専門家によると、この株高を支えた要因は複数ある。まず企業業績が堅調であったことが挙げられる。多くの大企業が予想を上回る利益を計上し、特にテクノロジーセクターが市場全体の上昇を牽引した。また、連邦準備制度理事会(FRB)による利下げ観測も投資家心理を支え、株式への資金流入を促進した。さらに、AI関連企業の成長期待が株価を押し上げ、いわゆる「マグニフィセント・セブン(Magnificent Seven)」と呼ばれる大型ハイテク株が指数を牽引した。
2026年の展望について、アナリストの意見は概ね前向きだが、リスクも指摘されている。複数の金融機関は2026年に株式市場がさらに上昇するとの予想を出している。例えば、ある大手証券会社はS&P500が2026年末に7500〜8000ポイントに達する可能性を示唆しており、これは2025年末時点の水準から10〜15%程度の上昇を意味する。利下げ期待と堅調な企業収益が引き続き市場を支えるとの観測が背景にある。
また、株式市場全体がテクノロジー株に偏重している現状を踏まえ、アナリストの一部は「銘柄やセクターの広がりが見られる可能性」を指摘している。複数のセクターが同時に上昇することで、これまでのテック一極集中型の上昇から、より幅広い成長が期待されるという見方だ。大手証券のストラテジストは、「全11セクターが2026年に上昇する可能性がある」と述べ、株高がより多様な業種に波及するとの予想を示した。
一方で懸念材料も存在する。なかでもAI関連株のバリュエーション(株価収益率)が歴史的に高水準にあることを理由に、調整リスクを指摘する声がある。長期にわたって高PERで推移してきた企業群は、業績が期待を下回った場合に大きな下落圧力を受ける可能性があるとの指摘だ。また、インフレや労働市場の鈍化といった経済指標の不確実性も、来年の市場に影響を与える要素として挙げられている。

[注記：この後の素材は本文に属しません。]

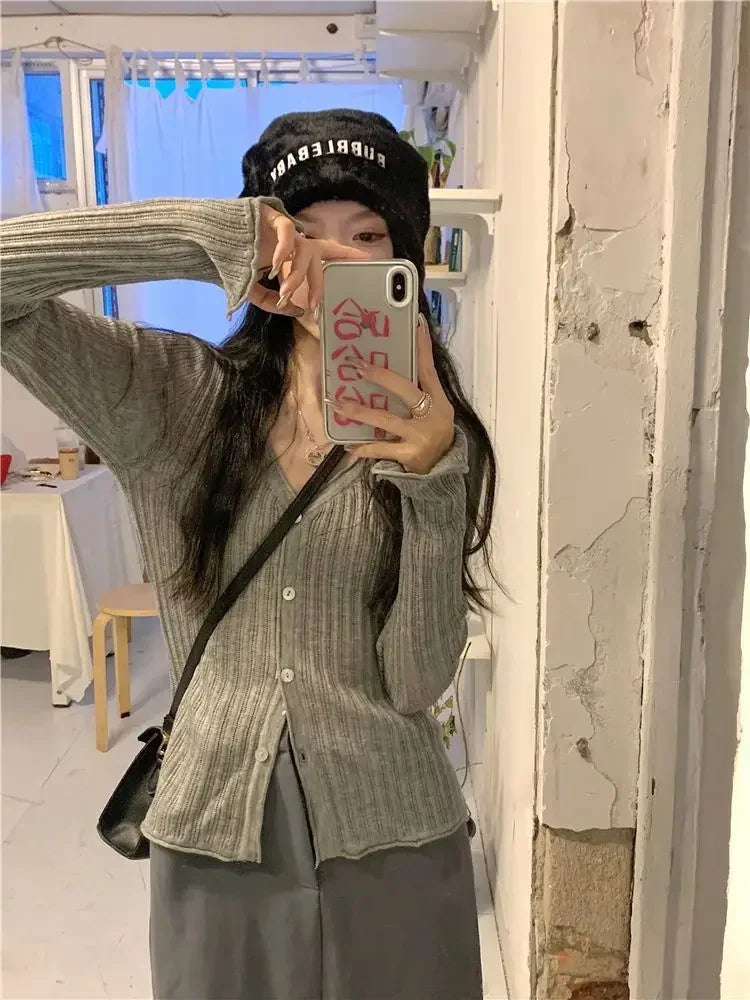 Model wearing the neutral-toned Autumn Whisper Cardigan, styled for casual chic.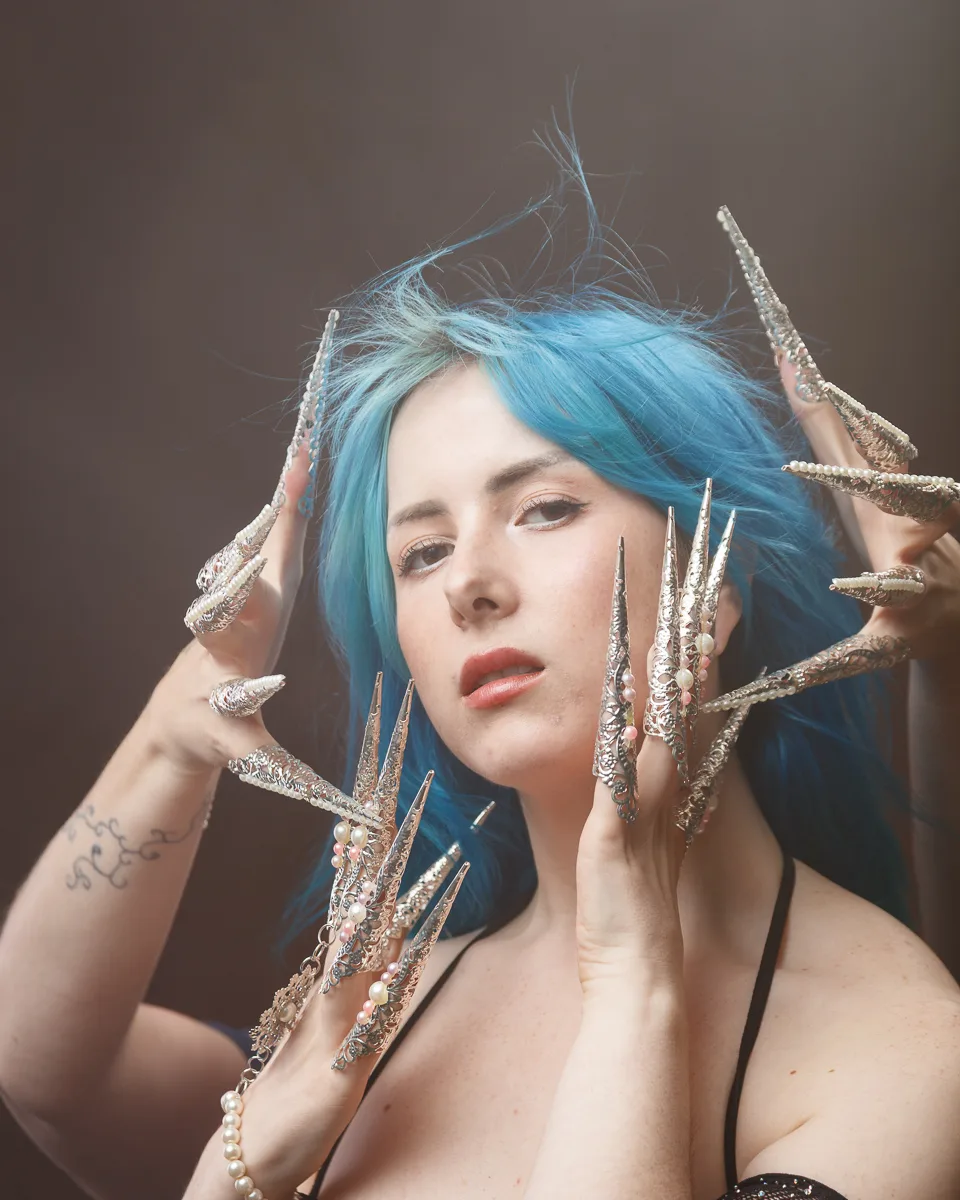 Woman with blue hair, ornate claw embellishments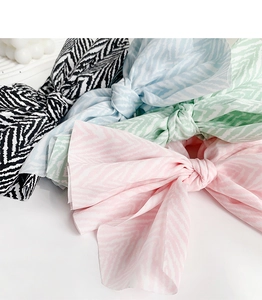 Detailed view of elegant bow fabric hair scrunchies in pastel colors and ripple patterns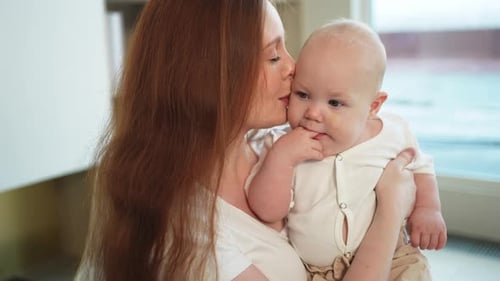 Woman Holding and Kissing Baby Indoors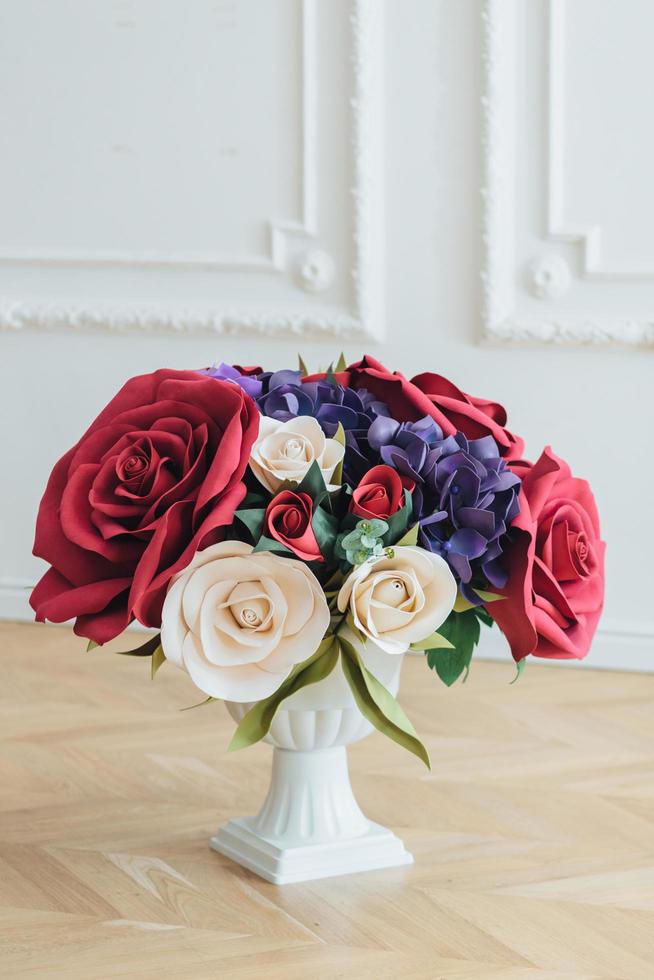 tiro vertical de lindo buquê com rosas artificiais vermelhas e brancas em vaso branco no piso de madeira contra fundo branco. arranjo de flores. fechar-se foto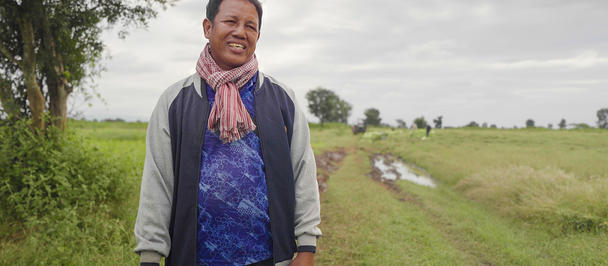 Photograph of a farmer standing on a dirt path in a grassy rural field.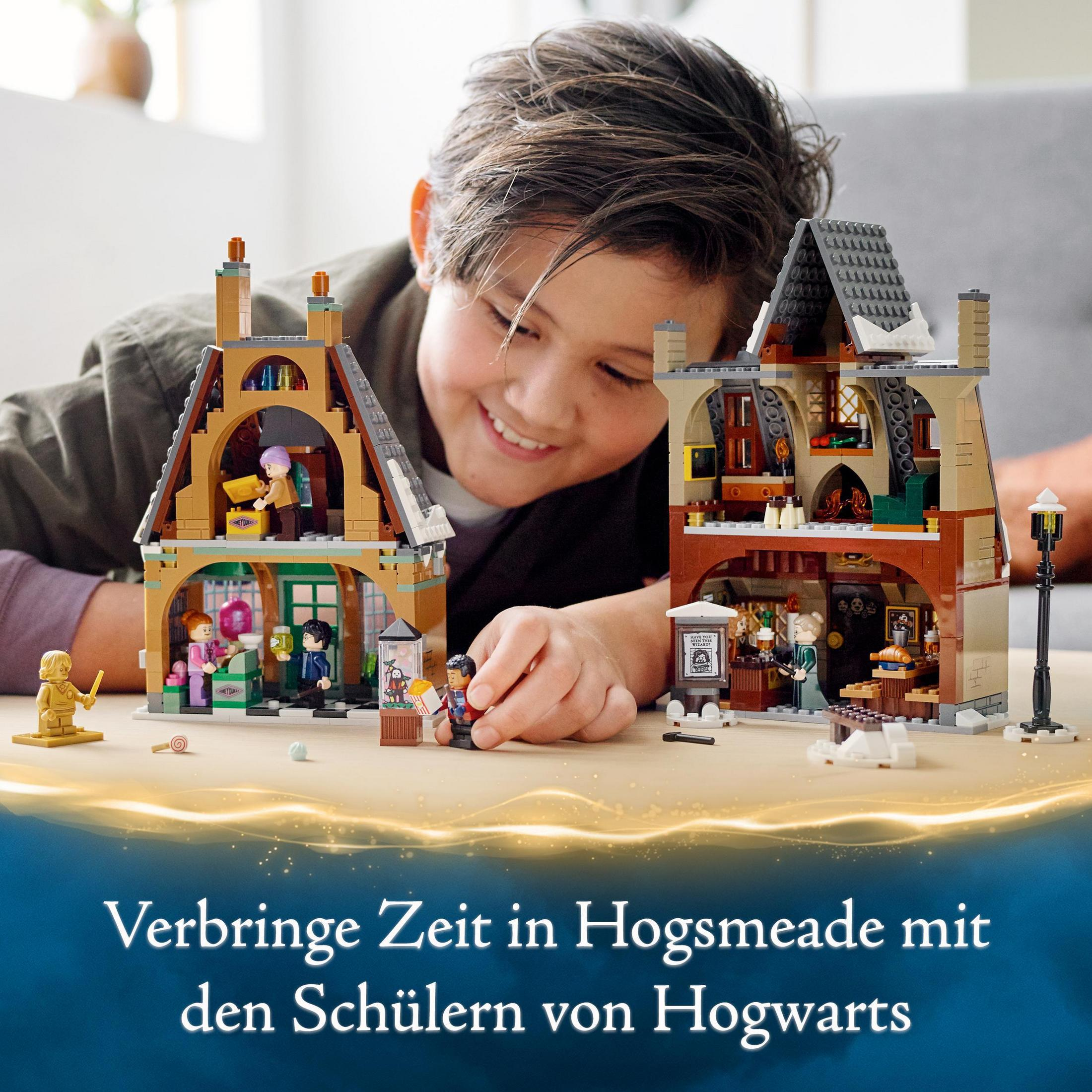 Ein Junge spielt mit einem Lego Hogwarts-Set. Zwei Lego-Gebäude stehen auf einem Tisch mit den Set-Teilen.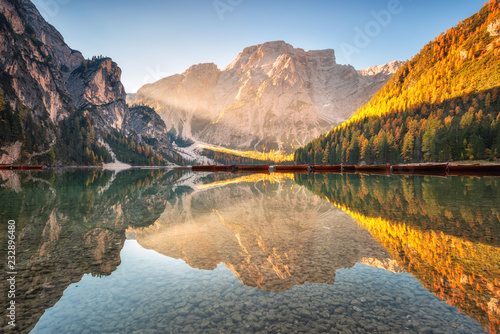 Beautiful Braies lake at sunrise in autumn in Dolomites, Italy. Landscape with mountains, gold sunlight, water with reflection, trees with orange leaves in fall. Travel in italian alps. Dolomiti photo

金融大手の予測をまとめると、2026年は総じて株価上昇が見込まれるものの、投資家にとってはこれまで以上にリスク管理が重要になるとの見方が強い。企業収益の拡大、利下げ継続への期待、AI関連投資のさらなる進展といった明るい材料と、バリュエーションの割高さやマクロ環境の不透明感という懸念がせめぎ合う年になる可能性がある。専門家は「引き続き慎重なポートフォリオ戦略が求められる」と指摘している。